Work to be completed → Output the data unchanged and complete, minus the images.

Data block →
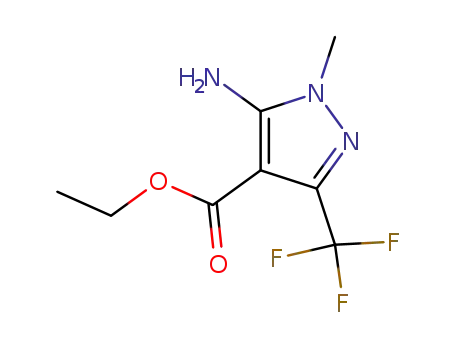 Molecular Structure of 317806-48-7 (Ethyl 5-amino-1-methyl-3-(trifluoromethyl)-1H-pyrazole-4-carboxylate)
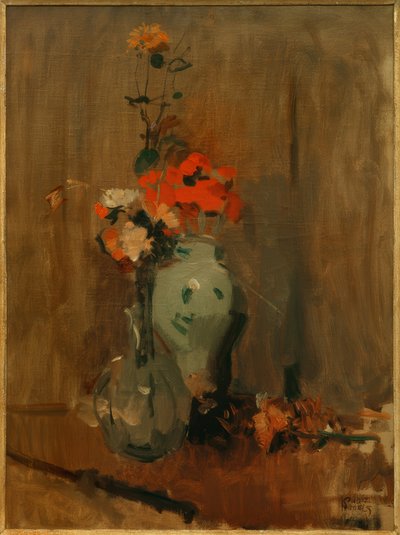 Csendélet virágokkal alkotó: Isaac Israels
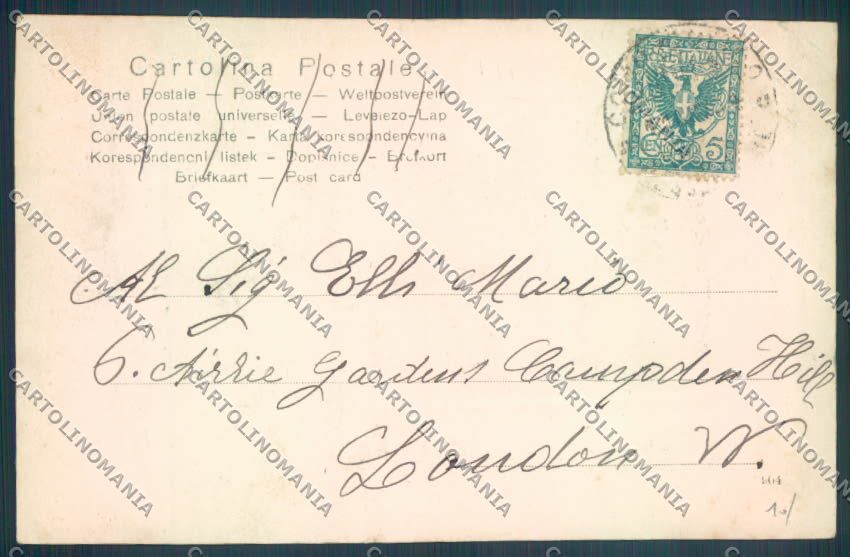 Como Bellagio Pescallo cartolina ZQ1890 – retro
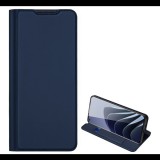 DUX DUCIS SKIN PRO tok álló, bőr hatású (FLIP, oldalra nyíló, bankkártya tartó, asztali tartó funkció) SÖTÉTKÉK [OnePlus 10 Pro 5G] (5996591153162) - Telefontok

Solved exercise →
 Molecular Structure of 317806-48-7 (Ethyl 5-amino-1-methyl-3-(trifluoromethyl)-1H-pyrazole-4-carboxylate)
 Csendélet virágokkal alkotó: Isaac Israels
 Como Bellagio Pescallo cartolina ZQ1890 – retro
 DUX DUCIS SKIN PRO tok álló, bőr hatású (FLIP, oldalra nyíló, bankkártya tartó, asztali tartó funkció) SÖTÉTKÉK [OnePlus 10 Pro 5G] (5996591153162) - Telefontok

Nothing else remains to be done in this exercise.